Hey HN, we’re Justin and Jason, co-founders of Maritime Fusion (
https://maritimefusion.com/). We’re working on putting fusion reactors on ships—specifically, large container ships and defence applications. Should be easy!
Yes, we know: fusion has been the energy source of the future…and it always will be. But high-temperature superconductors (HTS) have changed the game for magnetic confinement, and we believe we’ll witness Q > 1 within a few (say 3) years. That’s huge.
(Side note: Q is the ratio of input power divided by output power. Q> 1 means the reactor is producing more power than it consumes, achieving ‘breakeven.’)
However, getting to breakeven is just the first daunting challenge. Making the first-of-a-kind (FOAK) reactors cost-competitive on the grid? That might be even harder than achieving breakeven.
That’s why we’re taking this soon-to-be breakthrough in fusion and applying it to the first market we believe makes sense: ships.
Instead of targeting 24/7 baseload grid electricity—where fusion has to compete with solar, wind, batteries, and natural gas—we’re focusing on large commercial shipping (>10,000 TEU) and mobile military vessels to provide ship-to-shore power capability.
Why ships?
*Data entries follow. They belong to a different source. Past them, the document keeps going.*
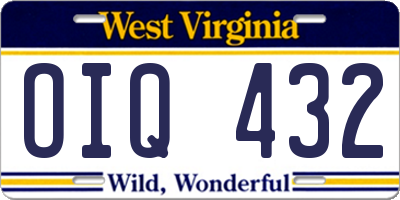 WV license plate OIQ432
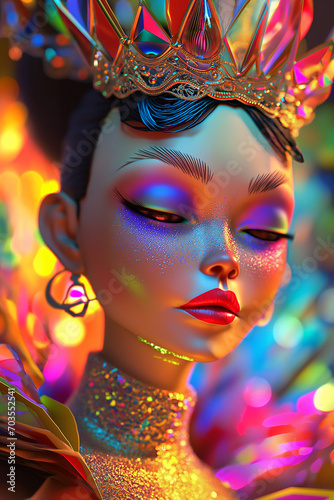 AI generated beautiful glowing animated asian woman wearing crown and jewels.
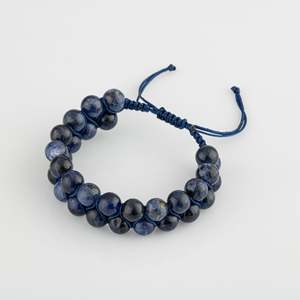 <b>Sodalite</b> 8mm Double Row Macrame Natural Stone <b>Bracelet</b> - Product Image 2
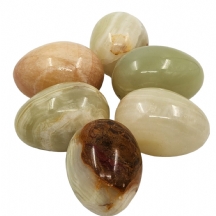 #2 לוט של 6 ביצים עשויות סוגי שיש ואבן טבעית שונים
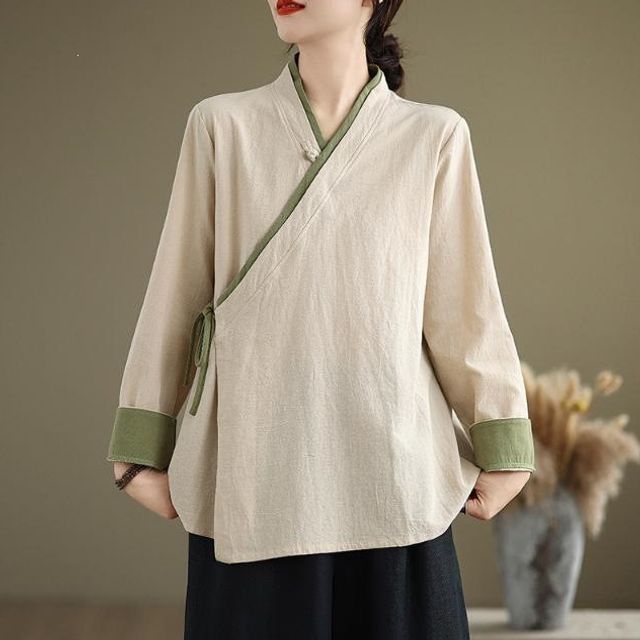 中国风复古斜襟系带改良汉服衬衫女春季宽松大码禅意茶服棉麻上衣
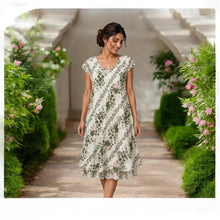 Load image into Gallery viewer, Double Layer Floral Cap Sleeve Dress (sage green)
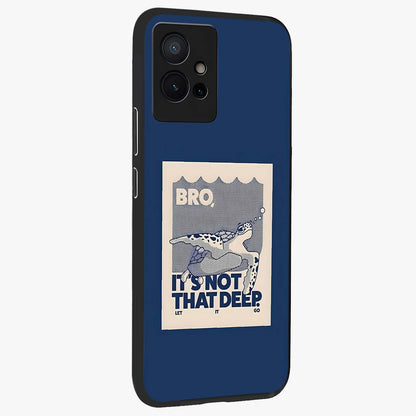 Worry Less Swim Glass Case upright view showcasing cheerful artistic artwork with carefree inspirational theme.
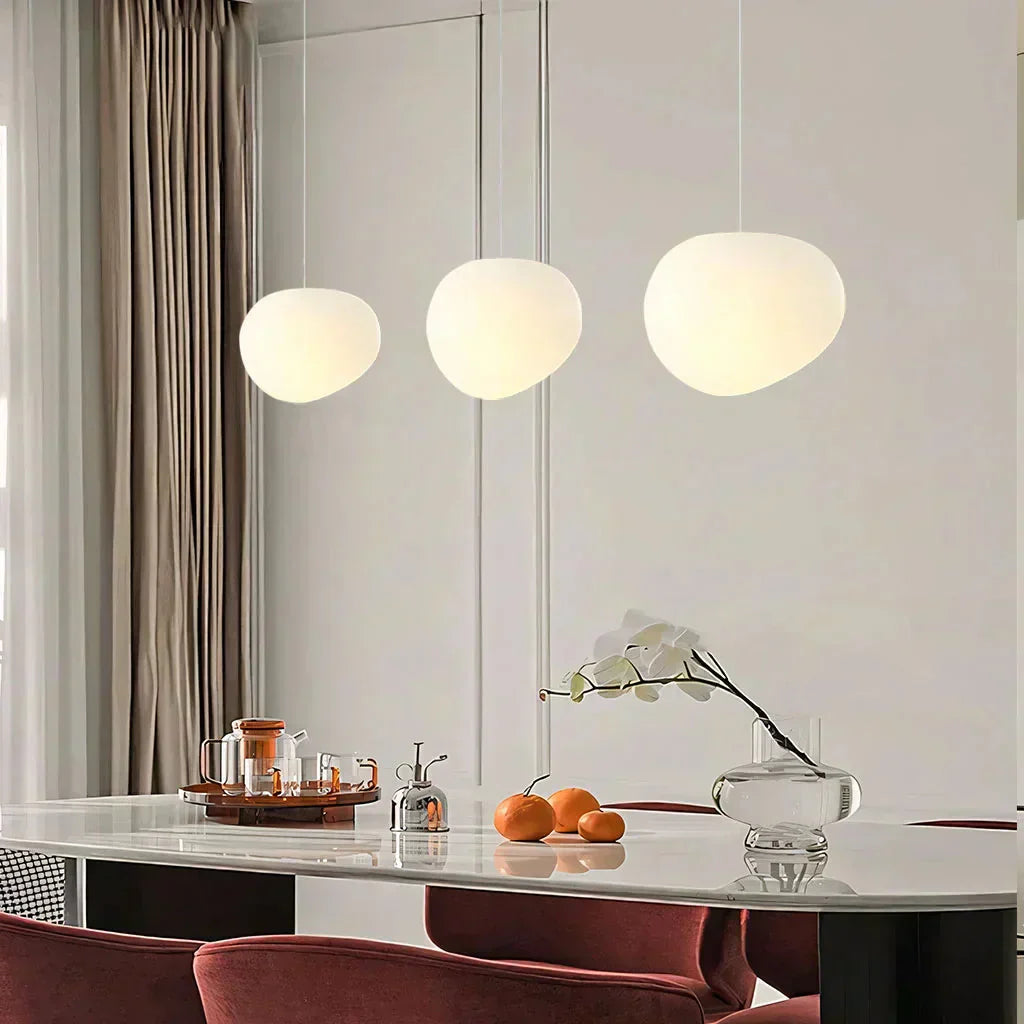 Scandinavian Milk Glass Ceiling Lamp With Organic Design For Living Room And Bedroom | Temsk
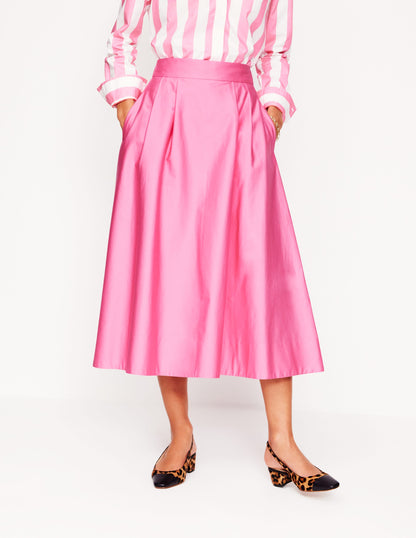 Isabella Cotton Sateen Skirt-Sorbet Pink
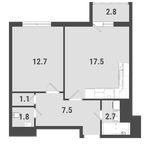 Планировка 1-комнатной квартиры, 44,1 м2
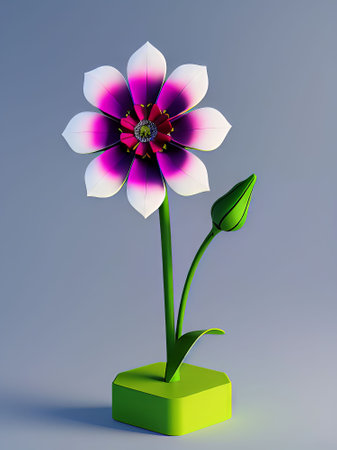 3d illustration of a flower in the form of a flowerpotの素材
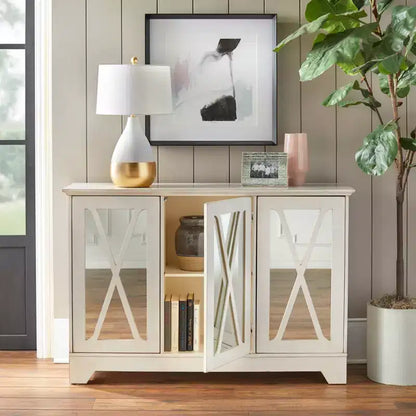 Credenza a buffet con specchio – Finitura nera e a specchio, 3 ante, ripiani regolabili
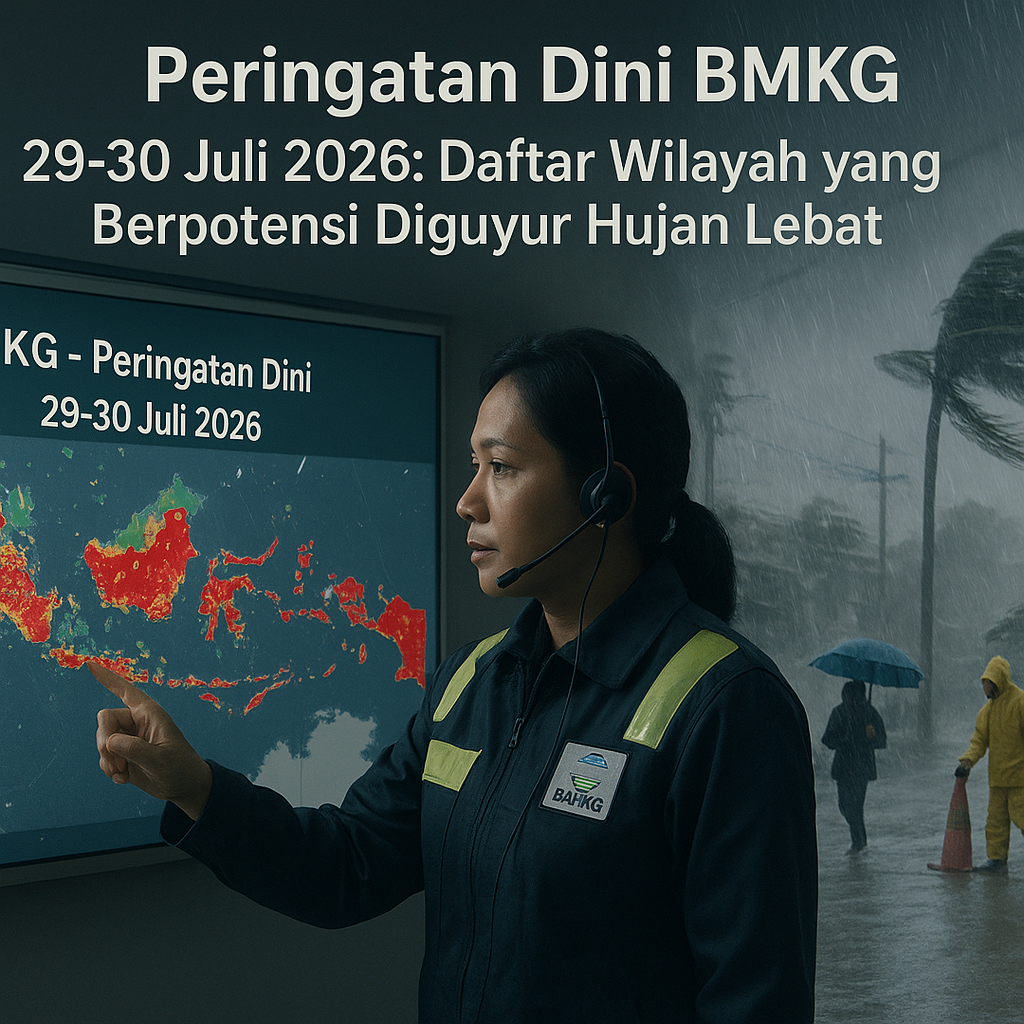 Peringatan Dini BMKG 29-30 Juli 2026: Daftar Wilayah yang Berpotensi Diguyur Hujan Lebat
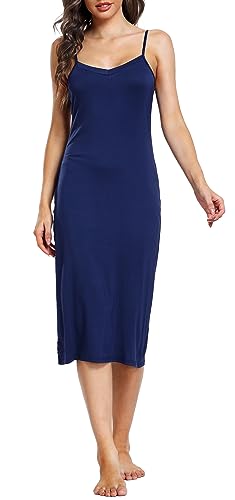 Sopesil Damen Unterkleid Lang Sexy Unterkleider mit Trägern Unterröcke Petticoat Knielänge Petticoat Cami Nachthemd Frauen SleepwearNavy Blau,S von Sopesil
They don’t have great alternatives—the shipping industry is desperate to decarbonize. Hydrogen and ammonia are being explored, but come with serious downsides: low energy density, flammability, leaks, and massive infrastructure challenges. Fusion will provide a high-energy-density, long-range solution without the same infrastructure challenges—once it works, of course!
One common question is, why not fission? Fission works technically, but not practically. Small Modular Reactors (SMRs) could power ships, but licensing fission reactors on land is already brutally hard and expensive—doing it for vessels moving between international ports with enriched uranium is nearly impossible. Public perception is another major barrier: if we’re deploying thousands of nuclear reactors globally, they need to be meltdown-proof. Fusion is the only way to guarantee that. Regulation also isn’t as bad. While fusion won’t be a walk in the park to license, the NRC has declared a distinct framework for it—more like particle accelerators and hospitals than nuclear power plants. That’s a game-changer.
Instead of a 500+ MW grid-scale reactor, our system is 25 MWe, designed for ship propulsion. Our tokamak is roughly JET-sized, but with HTS magnets (8-9T) and higher plasma current (~10MA). The first-wall power flux is down from multi-MW/m² to nearly 500 kW/m²—still tough, but not nightmare mode. The materials challenges associated with the first wall and nuclear activation of the structures is greatly reduced. Also, ships don’t require 90% uptime like grid power plants. Downtime for maintenance is part of normal operations, making this a far more forgiving early application of fusion, unlike the grid where every down hour is lost revenue.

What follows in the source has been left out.